Create a new branch in a GitLab project
AI agents use create_branches to create or update resources in GitLab MCP Server — usually the action step of a workflow, after the agent has gathered context. Every call changes real data in your GitLab MCP Server environment.
Creating a branch is a reversible write operation that modifies repository state by introducing a new reference. While it creates metadata/structure rather than file content, it is not reading data (Read), does not execute arbitrary code (Execute), is not irreversible (Destructive—branches can be deleted), and has no financial impact (Financial).

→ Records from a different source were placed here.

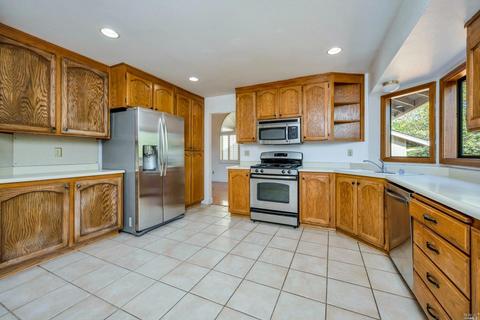 9454 Jessica Dr, Windsor, CA 95492 photo 10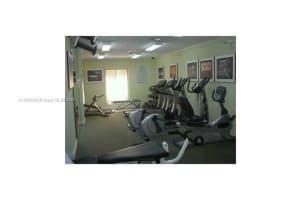 4425 Treehouse Ln B, Tamarac, FL 33319, Sold 08/01/25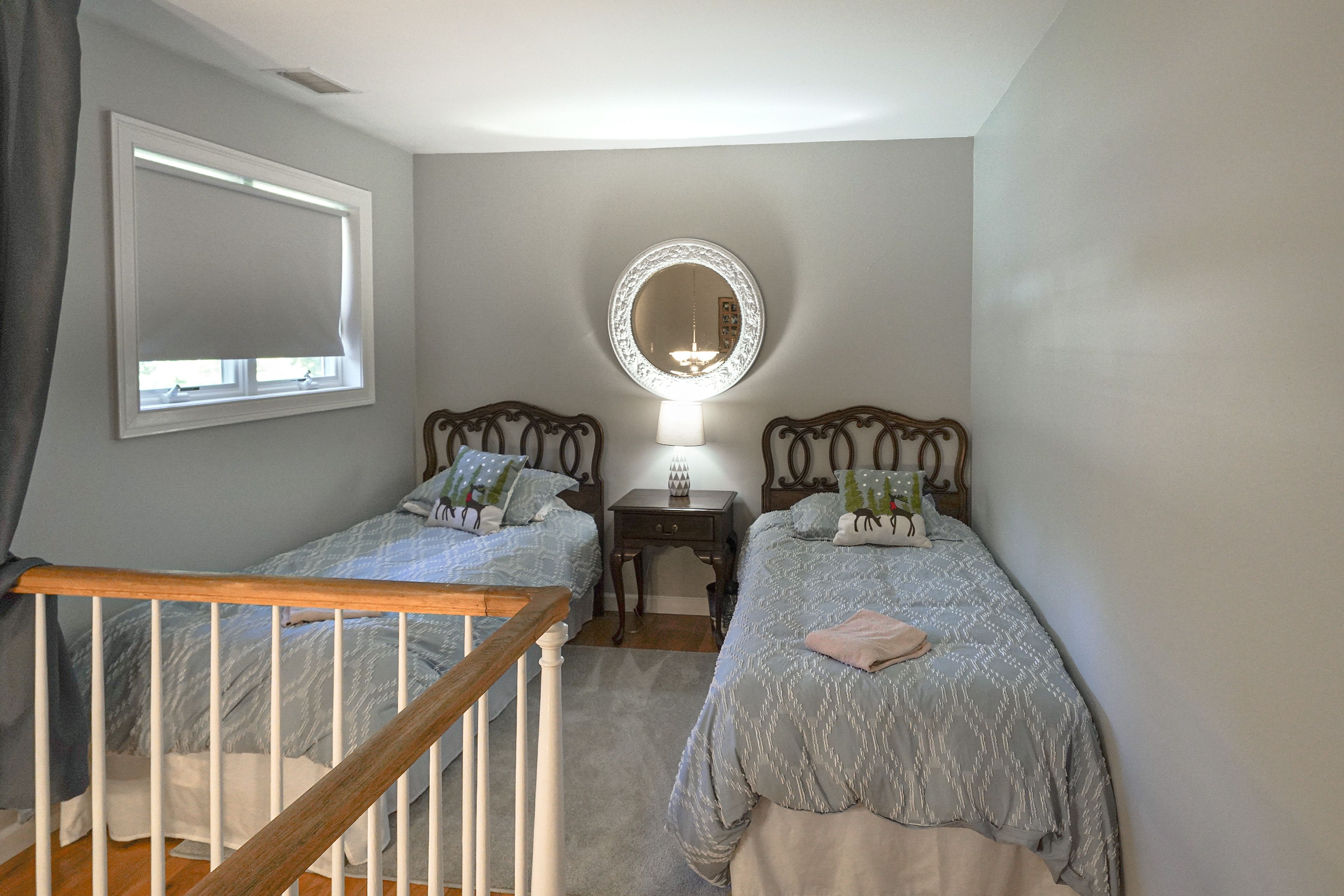 Loft | 2 Twin Beds | 2nd Floor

From the tool's definition Tool description: 'Create a new branch in a GitLab project'. The verb 'Create' and action of adding a new branch (a git ref) constitutes data creation that is reversible via delete_branches.

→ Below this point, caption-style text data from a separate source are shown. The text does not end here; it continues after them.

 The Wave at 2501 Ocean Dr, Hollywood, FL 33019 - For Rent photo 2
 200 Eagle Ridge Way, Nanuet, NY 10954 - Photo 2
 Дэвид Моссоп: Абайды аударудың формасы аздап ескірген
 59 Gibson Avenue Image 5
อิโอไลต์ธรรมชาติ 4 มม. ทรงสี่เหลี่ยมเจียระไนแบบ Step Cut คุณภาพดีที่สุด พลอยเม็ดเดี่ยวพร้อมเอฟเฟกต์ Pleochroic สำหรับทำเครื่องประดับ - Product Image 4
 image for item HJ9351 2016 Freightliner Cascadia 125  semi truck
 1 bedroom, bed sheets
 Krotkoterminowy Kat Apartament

Attacks that exploit this kind of access
Create a new branch in a GitLab project. It is categorised as a Write tool in the GitLab MCP Server MCP Server, which means it can create or modify data. Consider rate limits to prevent runaway writes.
Register the GitLab MCP Server MCP server in PolicyLayer and add a rule for create_branches: allow, deny, rate-limit, or require approval. Point your MCP client at the PolicyLayer proxy URL and the rule is enforced on every call, before it reaches GitLab MCP Server. Nothing to install.

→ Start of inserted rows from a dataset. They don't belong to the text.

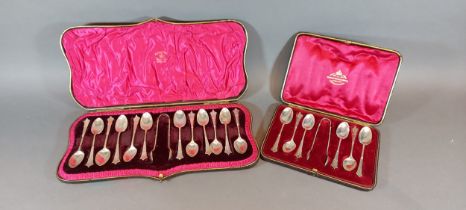 A set of twelve Victorian silver teaspoon with matching tongs within fitted case, Sheffield 1898,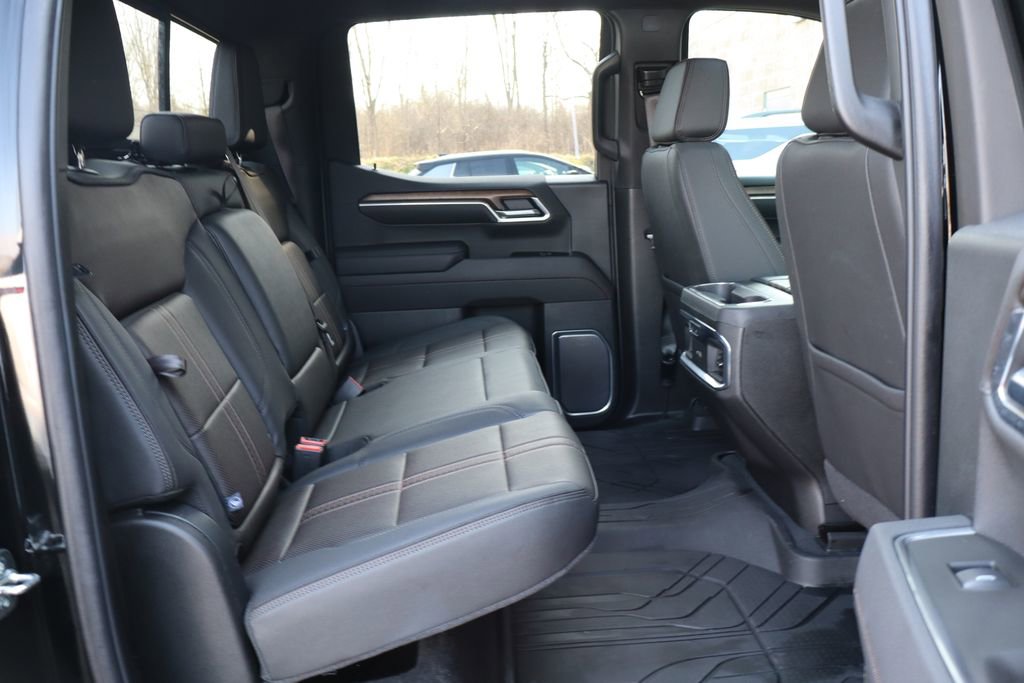 Used 2025 Chevrolet Silverado 1500 High Country w/ High Country Premium Package image 50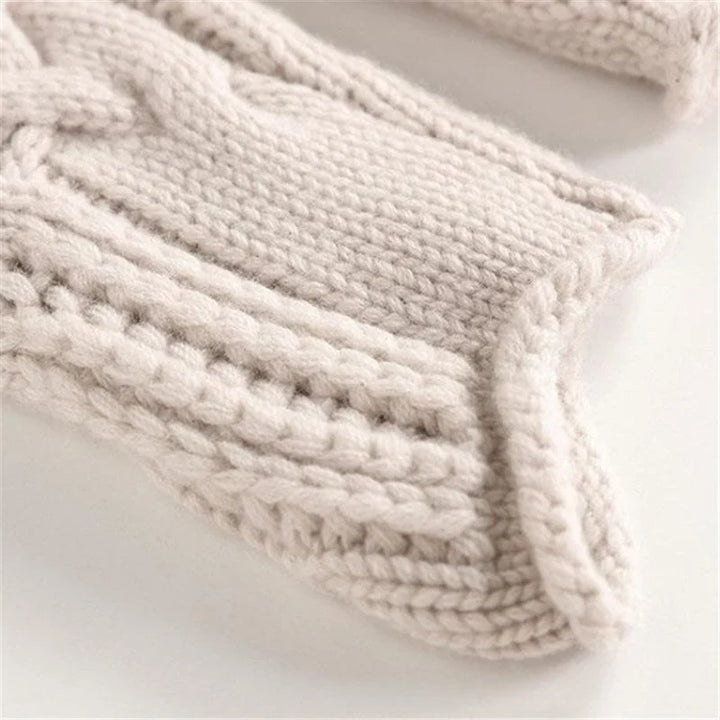 Emily | Graceful Cable Knit Turtleneck Sweater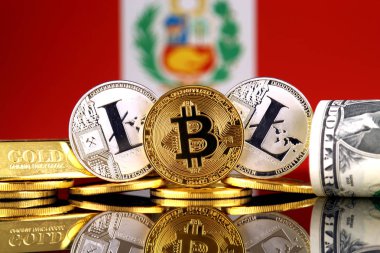 Bitcoin, Litecoin, altın, bize dolar ve Peru bayrağı fiziksel sürümü. Cryptocurrency, altın ve dolar yatırımcılar için kavramsal görüntü.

create_branches is a Write tool with medium risk. Write tools should be rate-limited to prevent accidental bulk modifications.
Yes. Add a rate_limit block to the create_branches rule in your PolicyLayer policy. For example, setting max: 10 and window: 60 limits the tool to 10 calls per minute. Rate limits are tracked per agent session and reset automatically.
Set action: deny in the PolicyLayer policy for create_branches. The AI agent will receive a policy violation error and cannot call the tool. You can also include a reason field to explain why the tool is blocked.
create_branches is provided by the GitLab MCP Server MCP server (lucky-dersan/gitlab-mcp-server). PolicyLayer sits as a proxy in front of this server to enforce policies before tool calls reach the server.
Every MCP server has a record like this.
Type a name, get the same breakdown: verified identity, auth posture, risk grade, capabilities, recommended policy.